The road safety auditors’ highest-severity recommendations are not fully delivered. Council’s road safety audit made eleven findings. Two were rated highest-severity for fatal and serious injury and carried “Primary” recommendations (defined by the auditors as those that “practically eliminate” the risk). One covers the dooring risk along the entire length of Wellington Street, where the auditors recommend kerb-protected bike lanes between kerb and parking; the adopted package does not deliver this. The other is the Hodgkinson Street roundabout, where the auditors recommend speed cushions on approach to bring speeds down to the Safe System tolerance of 30 km/h; the 30 km/h speed limit moves in the right direction but a posted limit on its own typically does not bring 85th-percentile speeds to the posted level (council’s own baseline data records 85th-percentile speeds above the posted limit at multiple Wellington Street sites). The Primary mechanism the auditors specified, physical speed cushions, is not delivered.8
The consultation report shows majority support for change, but officers recommended something more limited. Across all respondents in council’s own consultation, 64% support a change option in Clifton Hill and 62% in Collingwood.9 On the locals-only cut officers cited as their basis for declining the change options, support for change was the majority in both sections once the revised data analysis (corrected by officers after the agenda was published) was used. What was recommended, and what was adopted, is neither of the two change options that were consulted on. Detail in the section on local support below.
The opposition’s concerns were refuted on the agenda’s own evidence
Two claims drove most of the opposition: that the proposal would close Wellington Street, and that it would flood local side streets with traffic. The staff report contradicted both and also set out additional mitigations if any side-street impact did occur.

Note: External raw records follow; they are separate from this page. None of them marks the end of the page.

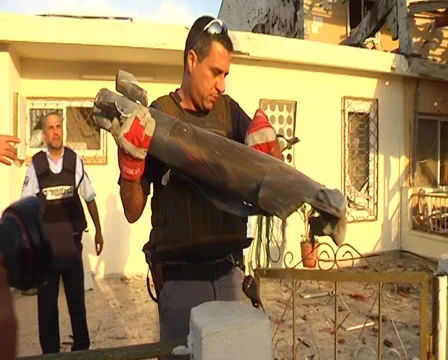 Rocket hit bulding Stock Footage 34279900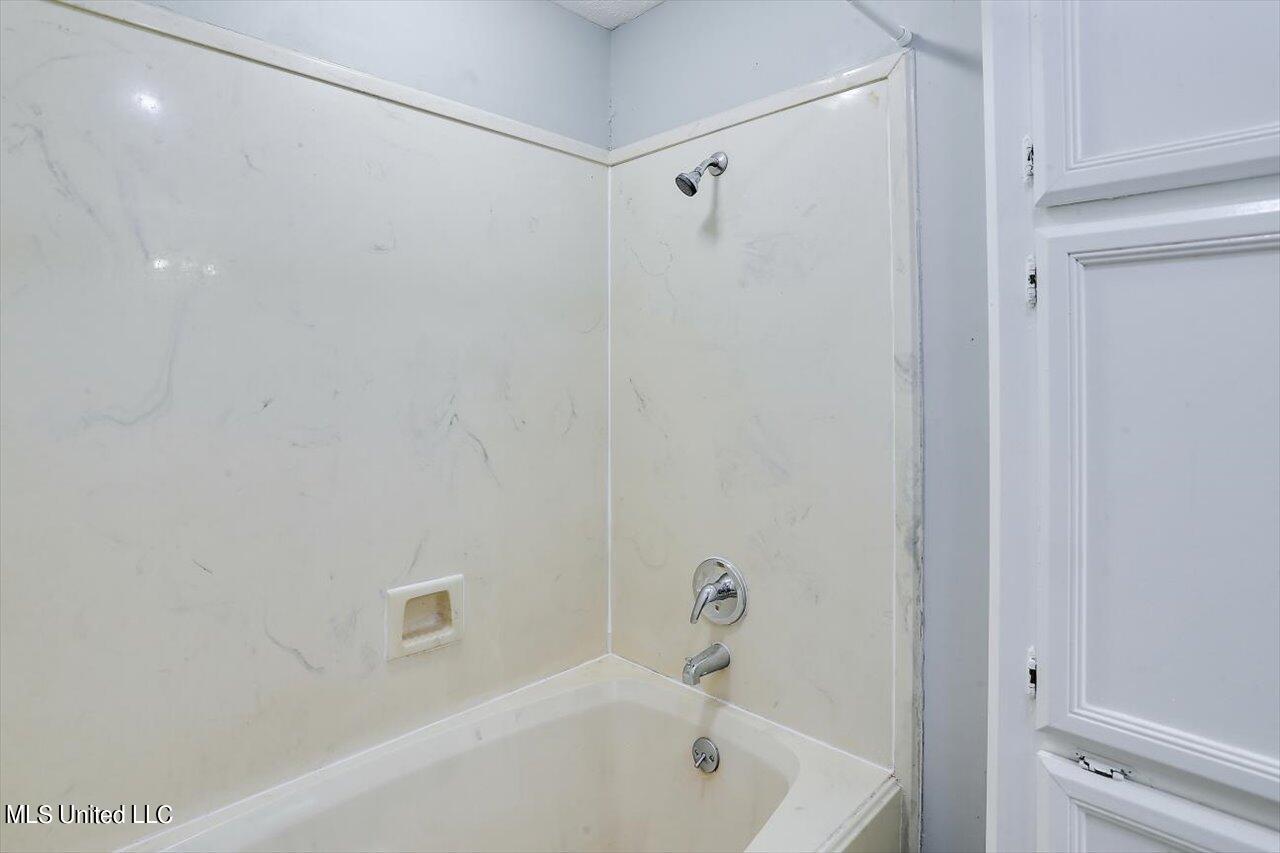 8 Ridgeway Place Property Photo 20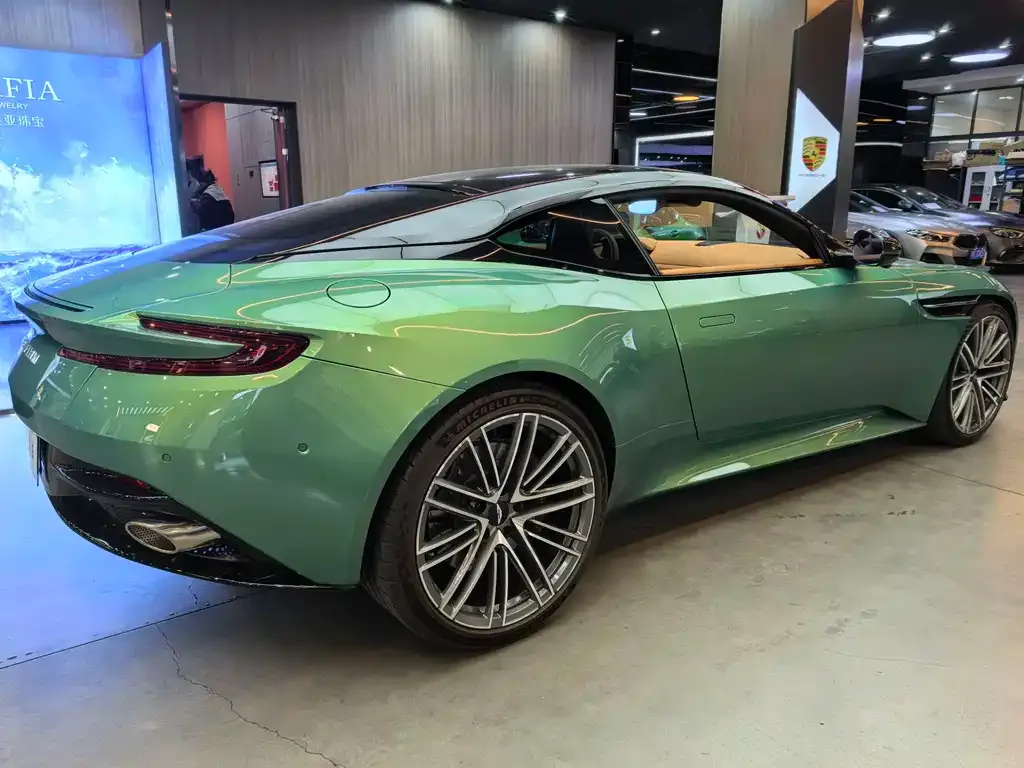 Aston Martin DB12 — фото 3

“11,000 cars will be displaced.” The 11,000 figure on the local signs was roughly double the actual two-way traffic on the Clifton Hill section of Wellington Street, which is about 5,600 vehicles a day in council’s own measurements.10 Wellington Street in Collingwood carries higher volumes still, as it also carries traffic between the Eastern Freeway and the CBD.
“Side streets will be flooded.” Staff wrote directly that “the results of preliminary traffic modelling do not support these concerns and officers have identified additional measures to manage any traffic diversion that does occur.”11 Council’s modelling for Gold Street in Collingwood (the worst-case street in the analysis) showed a potential increase of 900 vehicles per day from a base of 1,600, which staff described as keeping Gold Street “within the range for a local road.”12 Staff also noted the modelling was “likely being an overestimation of traffic impacts,” and that “the modelling work does not show that large volumes of traffic will use other local roads nearby.”13
Mitigations were available if any side-street increase occurred. In response to community feedback, council commissioned an additional external study identifying mitigation measures for Gold Street and the east-west streets that connect to it, such as Noone Street.14 These included physical traffic-calming measures and a partial traffic barrier at the Gold and Sackville Streets roundabout, which the consultants said “significantly reduces the appeal of Gold Street as a north-south through route.”1 These measures were not on the table during the consultation that closed in October 2025; they appeared in the agenda for the first time. The lost Stantec amendment on the night would have added them to the design package; they are not currently part of what was adopted.
For fuller detail on side-street traffic, see the Traffic page.
“Road closure.” Staff were explicit that the proposed traffic barriers would not be a road closure: “It is important to clarify that Council has never proposed the complete ‘closure’ of Wellington Street to traffic. A modal filter is not a road closure. Modal filters are a traffic management measure that prevents through car traffic whilst allowing local traffic movement for local access. People walking and cycling are able to bypass the blocks. Traffic management and modal filters specifically are commonly used across Yarra and Australia.”15 The change options would have stopped cars cutting through without blocking local access. There are at least 40 such barriers already in place across Yarra, including Page Street next to Clifton Hill Primary.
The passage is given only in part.